L’Ecole, en tant qu’institution de la République, n’échappe pas à ce constat. Dans un sondage IFOP de 2018, 65% des Français considèrent que le système scolaire ne garantit plus l’égalité des chances. Autrement dit, la promesse républicaine attachée à l’Ecole, qui veut que chaque enfant, par son mérite, et indirectement celui des professeurs qui le forment, puisse sortir de sa condition et évoluer socialement, apparaît de plus en plus comme une illusion.
En ce sens, nous ne pouvons que souscrire, Monsieur le ministre, à votre volonté de réintroduire de la confiance au sein du système scolaire ; ou, plus précisément, de vouloir passer d’un rapport de défiance à un rapport de confiance à l’égard de l’institution. En revanche, nous ne pouvons que nous interroger sur la méthode employée : peut-on créer une spirale positive, établissant progressivement de la confiance dans l’ensemble de la communauté éducative, en instillant implicitement une forme de défiance à l’encontre des personnels de l’éducation nationale, en particulier des professeurs, et ce dès l’article premier du projet de loi ?
Tel n’était pas votre objectif initial ; mais tel a été le résultat, comme vous avez pu le constater.
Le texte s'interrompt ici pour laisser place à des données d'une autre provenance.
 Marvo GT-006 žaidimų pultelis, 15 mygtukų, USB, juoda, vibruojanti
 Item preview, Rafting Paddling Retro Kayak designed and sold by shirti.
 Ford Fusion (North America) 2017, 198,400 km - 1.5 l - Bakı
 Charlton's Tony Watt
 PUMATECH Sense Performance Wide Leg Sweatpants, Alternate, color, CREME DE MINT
On pourrait éventuellement arguer de la portée normative des dispositions, mais comme l’a souligné le Conseil d’Etat dans son avis, « si ces dispositions expriment certaines des valeurs incontestables autour desquelles l’école républicaine est construite, elles ne produisent par elles-mêmes aucun effet de droit et réitèrent des obligations générales qui découlent du statut des fonctionnaires comme de lois particulières assorties, le cas échéant, de sanctions pénales ». En d’autres termes, l’intention est louable, mais nul besoin de la loi pour répéter la loi.
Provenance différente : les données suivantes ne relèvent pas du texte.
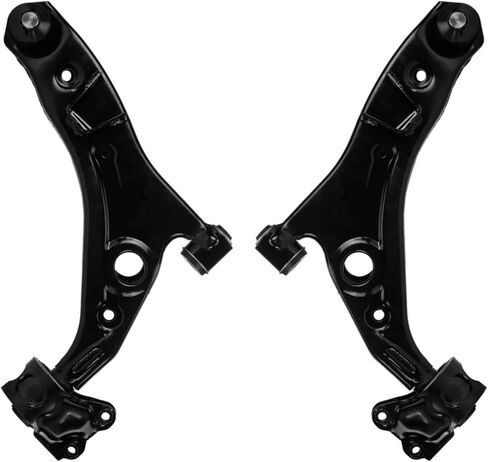 2PCS Front Right Left Lower Control Arms w/Ball Joint Suspension Kit Compatible with Ford Edge 2007-2014 for Lincoln MKX 2007-2014 for Mazda CX-9 2007-2013 K620486 K620487 in Saudi Arabia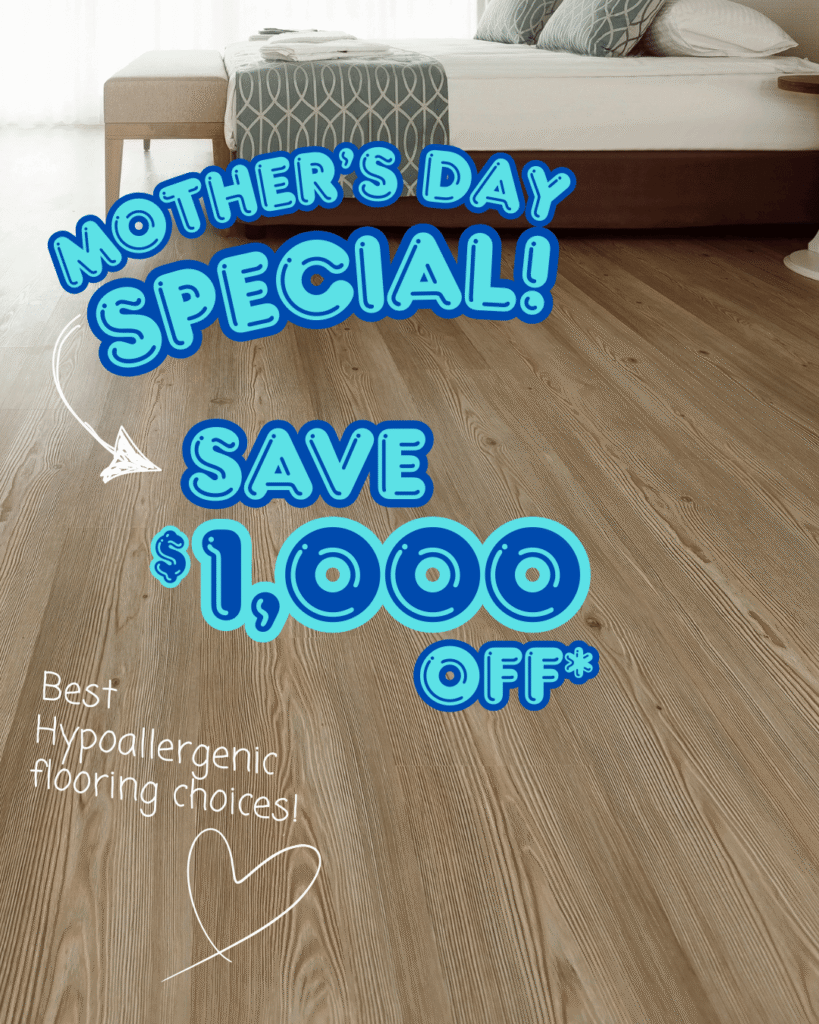 Floor Daddy Hypoallergenic flooring choices
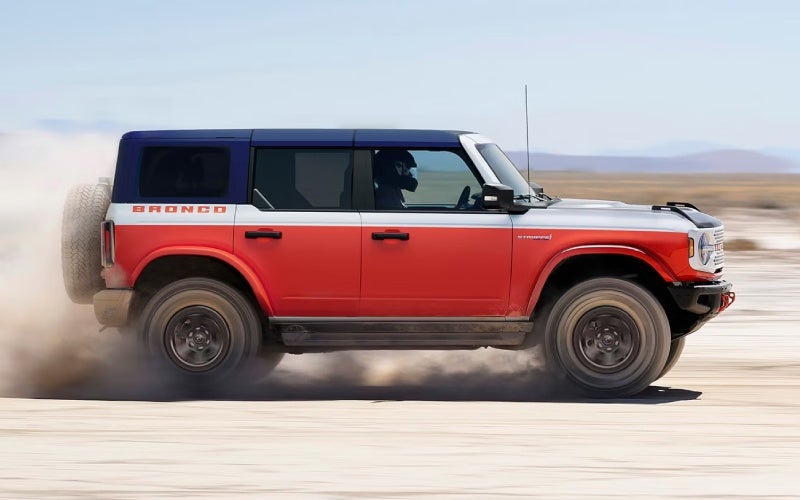 Which open-air 4x4 is better for daily driving around Candler, NC: the 2026 Ford Bronco or 2026 Jeep Wrangler?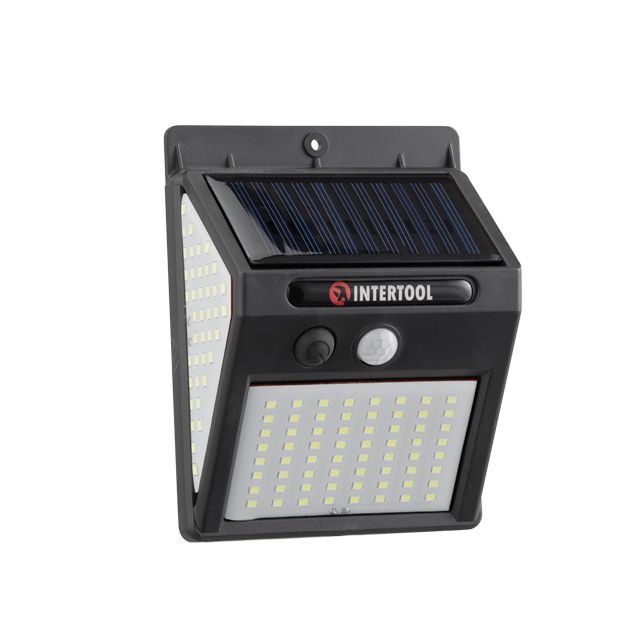 Світильник акумуляторний настінний  вуличний INTERTOOL LB- 0114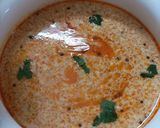 A picture of step 2 of Dahi tadka.
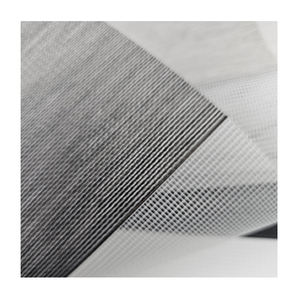 AUROOM Qualité coréenne-made Zebra Shade Combi Stores sur mesure pour toute taille de fenêtre Tissu occultant intégré uni - Product Image 5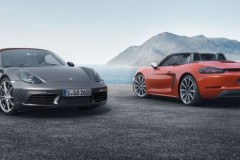 Porsche giới thiệu trò chơi trực tuyến đánh dấu sự ra mắt 718 Boxster và 718 Cayman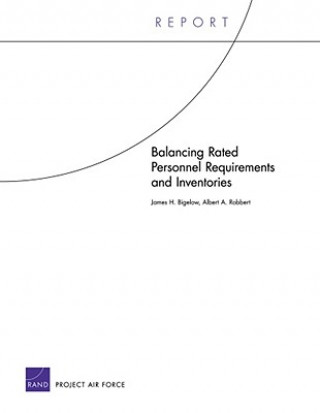 Carte Balancing Rated Personnel Requirements and Inventories J H Bigelow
Par conséquent, en choisissant de réaffirmer le devoir de réserve des personnels de la communauté éducative, et au premier chef celui des enseignants, vous suscitez le doute, l’incompréhension et, in fine, la méfiance entre votre ministère et les professeurs. Pensez-vous que cette manière de procéder est de nature à instaurer le climat de confiance que tout le monde désire ?
D’ailleurs, sur ce point, je remarque que vous auriez pu équilibrer davantage la rédaction de l’article, en rappelant qu’en parallèle de l’obligation de réserve imposée aux enseignants, ils disposent d’une liberté pédagogique garantie par l’article L. 912-1-1 du code de l’éducation. A défaut d’avoir une portée juridique, cette écriture aurait permis de mettre un droit en miroir d’un devoir.
Pour exister, et surtout être consolidé, le « lien de confiance qui unit les élèves et leur famille au service public de l’éducation » implique écoute et apaisement. Pour cette raison, il semble plus que nécessaire de retirer cet article du projet de loi. Ce signal permettrait de calmer les craintes de la communauté éducative, puis de se concentrer sur le projet commun que nous souhaitons pour l’Ecole ainsi que sur les moyens de parvenir, collectivement, à renforcer la confiance en son sein.
Je vous remercie.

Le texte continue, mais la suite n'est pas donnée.